O Carnaval brasileiro vai acontecer em clima de Big Brother, o todo-poderoso sistema que vigiava a sociedade no clássico 1984, de George Orwell (dessa obra veio também a inspiração para batizar o popular reality show). A maior festa popular do país será um grande laboratório para a utilização de uma das mais avançadas e controversas ferramentas tecnológicas usadas hoje na segurança pública por aqui e pelo mundo: o reconhecimento facial.
Esse sistema compara fotos de procurados da Justiça armazenadas em seu banco de dados com imagens fornecidas por câmeras inteligentes instaladas em locais públicos. Quando há um porcentual alto de coincidência entre dois rostos, soa o alarme para a polícia ir a campo abordar o possível fugitivo. Sistemas desse tipo estarão em operação em Salvador e São Paulo. Juntas, as capitais reúnem em suas ruas no período momesco mais de 10 milhões de foliões. No total, 106 câmeras inteligentes estarão posicionadas em busca de cerca de 40 000 pessoas com ordens de prisão decretadas por vários tipos de delito, em meio à aglomeração de fantasiados.

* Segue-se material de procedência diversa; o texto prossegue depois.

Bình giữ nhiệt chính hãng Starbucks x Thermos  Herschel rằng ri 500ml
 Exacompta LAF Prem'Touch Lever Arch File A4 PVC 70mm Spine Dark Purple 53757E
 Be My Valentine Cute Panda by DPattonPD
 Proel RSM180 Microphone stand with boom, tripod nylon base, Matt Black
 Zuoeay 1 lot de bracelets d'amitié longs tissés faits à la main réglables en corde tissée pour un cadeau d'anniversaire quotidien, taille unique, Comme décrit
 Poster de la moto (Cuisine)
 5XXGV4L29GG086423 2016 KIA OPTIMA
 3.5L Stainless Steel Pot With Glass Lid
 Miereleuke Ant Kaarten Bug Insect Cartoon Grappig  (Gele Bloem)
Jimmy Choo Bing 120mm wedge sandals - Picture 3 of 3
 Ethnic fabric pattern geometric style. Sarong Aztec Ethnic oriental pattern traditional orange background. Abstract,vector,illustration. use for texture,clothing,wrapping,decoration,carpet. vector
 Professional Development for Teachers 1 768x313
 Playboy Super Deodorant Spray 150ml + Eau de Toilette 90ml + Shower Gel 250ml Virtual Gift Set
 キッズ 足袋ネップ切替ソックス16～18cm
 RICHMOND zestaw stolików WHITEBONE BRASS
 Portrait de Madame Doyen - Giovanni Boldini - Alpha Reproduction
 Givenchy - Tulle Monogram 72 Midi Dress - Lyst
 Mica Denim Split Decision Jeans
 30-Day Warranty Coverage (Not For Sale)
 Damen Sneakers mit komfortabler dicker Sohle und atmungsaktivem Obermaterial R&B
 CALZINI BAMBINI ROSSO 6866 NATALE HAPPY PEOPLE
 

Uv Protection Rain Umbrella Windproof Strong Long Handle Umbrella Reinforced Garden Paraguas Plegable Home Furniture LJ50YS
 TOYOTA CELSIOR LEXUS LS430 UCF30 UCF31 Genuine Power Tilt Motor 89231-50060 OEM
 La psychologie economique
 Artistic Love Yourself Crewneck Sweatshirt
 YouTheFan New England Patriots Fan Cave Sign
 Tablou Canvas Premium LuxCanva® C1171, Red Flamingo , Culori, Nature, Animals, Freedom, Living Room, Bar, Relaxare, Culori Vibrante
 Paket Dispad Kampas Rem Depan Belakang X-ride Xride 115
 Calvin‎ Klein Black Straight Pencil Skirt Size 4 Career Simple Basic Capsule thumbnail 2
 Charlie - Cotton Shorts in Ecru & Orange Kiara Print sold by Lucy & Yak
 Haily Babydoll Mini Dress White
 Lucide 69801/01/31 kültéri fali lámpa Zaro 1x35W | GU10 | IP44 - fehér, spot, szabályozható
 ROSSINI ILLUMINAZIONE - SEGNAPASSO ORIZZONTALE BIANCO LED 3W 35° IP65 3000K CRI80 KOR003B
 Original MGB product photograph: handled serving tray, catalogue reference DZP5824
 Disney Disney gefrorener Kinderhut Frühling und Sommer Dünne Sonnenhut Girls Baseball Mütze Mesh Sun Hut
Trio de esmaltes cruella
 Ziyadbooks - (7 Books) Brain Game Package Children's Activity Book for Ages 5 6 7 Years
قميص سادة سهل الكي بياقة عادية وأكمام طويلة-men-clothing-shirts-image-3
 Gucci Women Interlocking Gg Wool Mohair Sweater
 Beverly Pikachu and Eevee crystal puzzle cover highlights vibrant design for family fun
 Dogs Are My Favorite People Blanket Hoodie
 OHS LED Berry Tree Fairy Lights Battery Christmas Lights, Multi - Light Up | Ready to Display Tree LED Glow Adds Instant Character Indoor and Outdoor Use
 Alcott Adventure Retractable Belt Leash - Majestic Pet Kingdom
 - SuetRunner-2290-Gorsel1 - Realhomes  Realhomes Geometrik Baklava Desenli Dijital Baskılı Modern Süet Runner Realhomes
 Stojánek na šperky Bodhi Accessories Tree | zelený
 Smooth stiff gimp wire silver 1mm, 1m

A capital baiana fez um projeto piloto no ano passado, com dezesseis câmeras. Em 2020, o número vai saltar para 86. Os equipamentos serão distribuídos pelas vias de acesso aos blocos e pontos turísticos. “Às vezes, tem um assassino ou um traficante passando do seu lado e você nem sabe”, afirma o coronel Marcos Oliveira, superintendente de gestão tecnológica da Secretaria de Segurança Pública da Bahia. São Paulo colocará em campo vinte câmeras, tendo na retaguarda o mais extenso banco de dados do país, com informações de mais de 30 000 foragidos e 10 000 desaparecidos. Belo Horizonte, Fortaleza, Florianópolis e Brasília também realizarão testes no Carnaval, mas em uma escala menor.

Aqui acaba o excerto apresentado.